The music business, especially the modern-rock division, is an exhausting scene. Between illegal downloading, heavy promotional pressures and the nanoseconds-long attention span of the MTV crowd, rock artists are forced to conjure up magic tricks of imaging to attract increasingly fickle listeners. The Lost Prophets are well aware of this, and thus saturate their third CD, Liberation Transmission, in enough fancy artwork and fashion statements to put even My Chemical Romance to shame. Unfortunately, the music Liberation Transmission delivers can't live up to the agenda its imaging pushes, and the record falls miserably flat.
As a concept band, the Lost Prophets actually do rather well for themselves. Their CD cover proclaims "Nobis Pro Lemma Vobis" (meaning "for us, for them, for you") against a backdrop of gargoyles and red ink splattered to look like blood. The band members, adorned in sunglasses and tattoos, pose, unsmiling, under layers of perfectly dyed and parted hair. And the lyrics to each song, printed in an appropriately gothic font, are splayed out over four pages of German prison records watermarked into the CD jacket. While the packaging of Liberation Transmission is impressive, the band doesn't succeed much more than that. Underneath their carefully designed smoke and mirrors, the Lost Prophets are a mediocre band at best. At worst, they are an offensively presumptuous act that dictates a philosophy without producing the quality music needed to back it up.
The band's relentless diatribe begins with "Everyday Combat," which likens life to a series of wars fought over booze, brawls and broads. While the song's formula is classic punk rock, its drudging sound certainly won't be starting any riots. Most of the record's subsequent tracks, with stale guitar riffs and lifeless melodies, fall into the same dull category. Some songs are so studied that they even make parodies of themselves. Armed with lines like "there's no pride to be found/ when you follow sheep around," the band takes a jab at the music industry on "A Town Called Hypocrisy." In the same vein, "The New Transmission" is an attack on all things superficial, proclaiming "everyone says the same old things." Shouted ungracefully over power chords, however, such lines have little effect without originality or inventiveness.
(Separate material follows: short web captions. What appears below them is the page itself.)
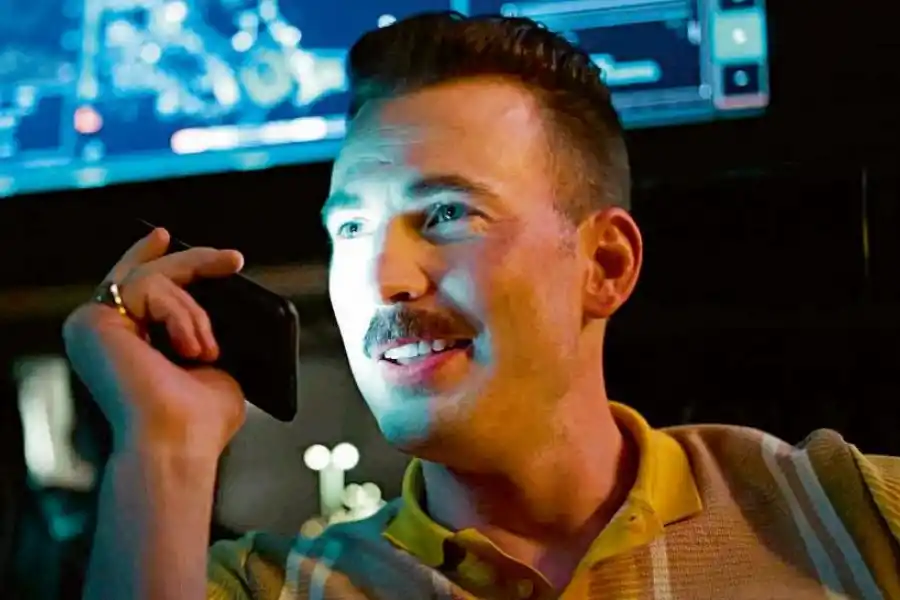 “ENEMIGO”. El personaje de Chris Evans quiere eliminar a Gosling.  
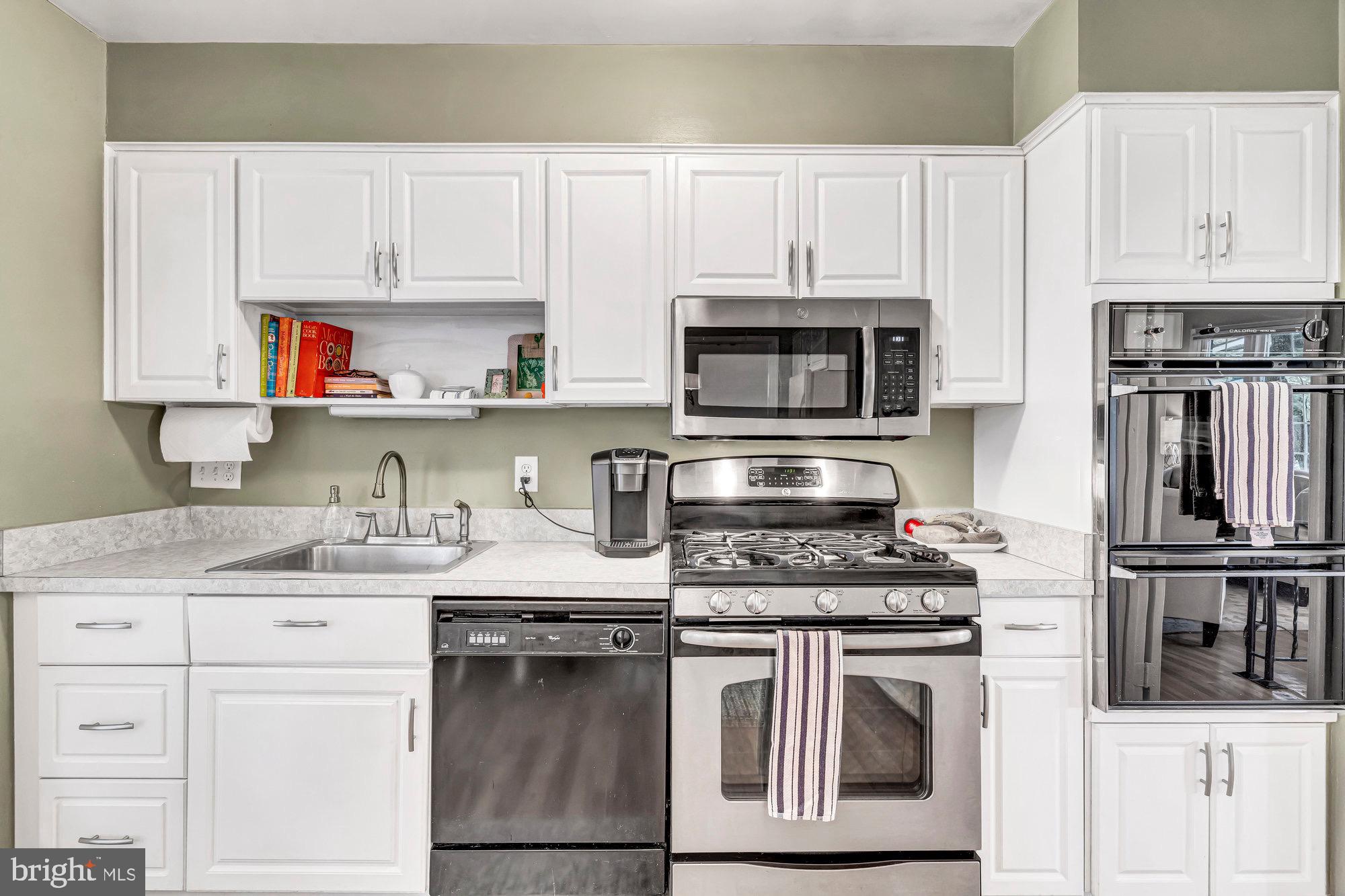 LAKEVALE ESTATES - Residential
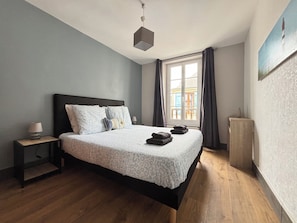 5 chambres, fer et planche à repasser, Wi-Fi, draps fournis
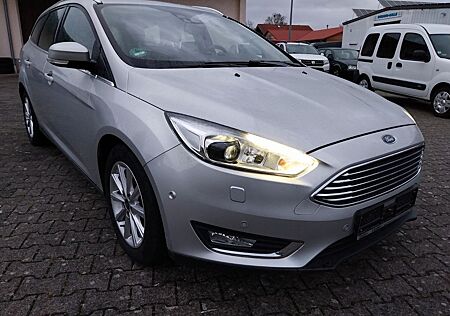 Ford Focus Turnier Titanium Automatik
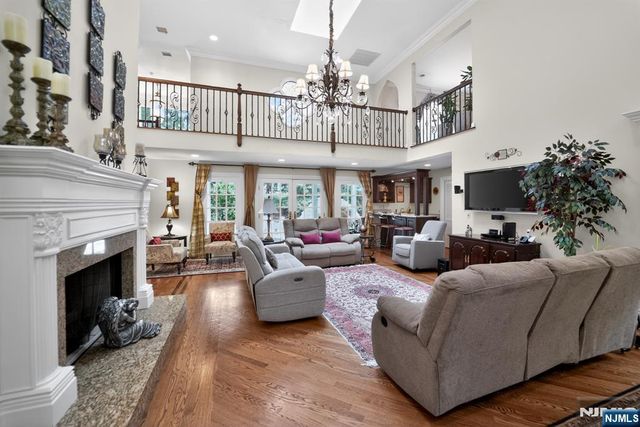 11 Pine Tree Drive, Saddle River, NJ 07458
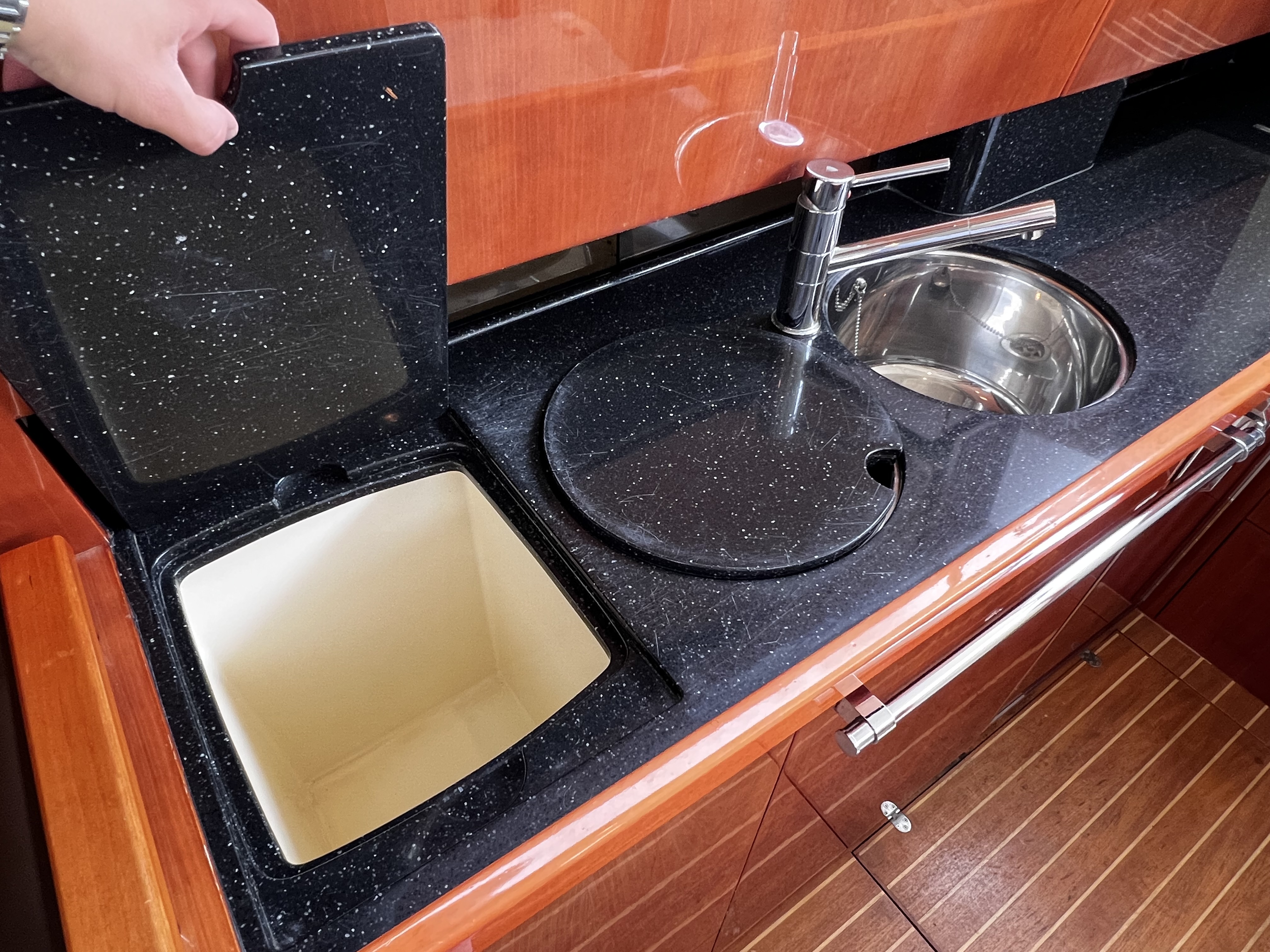 foto: 30 Fairline Phantom 46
Equally unoriginal are tracks like "Broken Hearts, Torn Up Letters, and the Story of a Lonely Girl," which attempts to hide its banality with a dramatic title and voice tricks from lead singer and lyricist Ian Watkins. The same applies to "Everybody's Screaming!!!," a song title that apparently requires three exclamation points to distract listeners from the mind-numbingly mundane sound it actually offers. As Watkins screams that he's "sick of working all week for people [he] can't stand," the band's credibility plummets to the ranks of other modern-rock bands who value themselves as messiahs for the disaffected youth of the world (such as Nickleback and, God forbid, Creed.)
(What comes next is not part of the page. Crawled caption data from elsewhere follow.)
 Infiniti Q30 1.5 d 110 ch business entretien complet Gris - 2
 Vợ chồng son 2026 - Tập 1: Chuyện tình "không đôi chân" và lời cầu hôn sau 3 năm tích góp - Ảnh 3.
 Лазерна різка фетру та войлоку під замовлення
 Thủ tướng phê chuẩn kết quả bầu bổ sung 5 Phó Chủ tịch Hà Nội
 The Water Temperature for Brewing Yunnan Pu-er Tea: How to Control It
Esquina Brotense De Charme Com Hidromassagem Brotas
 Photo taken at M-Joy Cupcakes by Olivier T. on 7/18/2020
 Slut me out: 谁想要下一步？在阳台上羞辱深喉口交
Despite its misguided sermonizing, Liberation Transmission isn't entirely hopeless. U2-inspired guitars and a soaring melody lift first single "Rooftops" to pure pop-rock ecstasy, and "Can't Stop, Got A Date With Hate" is a clever commentary on life tainted by cynicism. When the band shifts its focus from the state of world affairs to the state of a broken relationship, as in "Can't Catch Tomorrow," its sound makes more sense.
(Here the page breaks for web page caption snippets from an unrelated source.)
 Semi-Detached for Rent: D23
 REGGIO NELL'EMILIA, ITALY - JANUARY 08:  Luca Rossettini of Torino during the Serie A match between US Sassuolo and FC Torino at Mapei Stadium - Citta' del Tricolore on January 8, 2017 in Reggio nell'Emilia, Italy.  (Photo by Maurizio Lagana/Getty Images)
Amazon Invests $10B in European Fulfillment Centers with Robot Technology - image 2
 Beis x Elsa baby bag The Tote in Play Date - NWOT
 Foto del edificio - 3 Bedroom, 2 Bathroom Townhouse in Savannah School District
Otherwise, Liberation Transmission drones on at an exhaustingly loud volume without striking any emotional chords. The record is far too prepped and primed to leave any lasting impressions. Credit is due to the band's A&R department for creating some stunning visual effects, but the effects from the music underneath the imaging are nonexistent. The Lost Prophets, who apparently are also lost on the meaning of irony, have created an entirely forgettable record that preaches but cannot perform.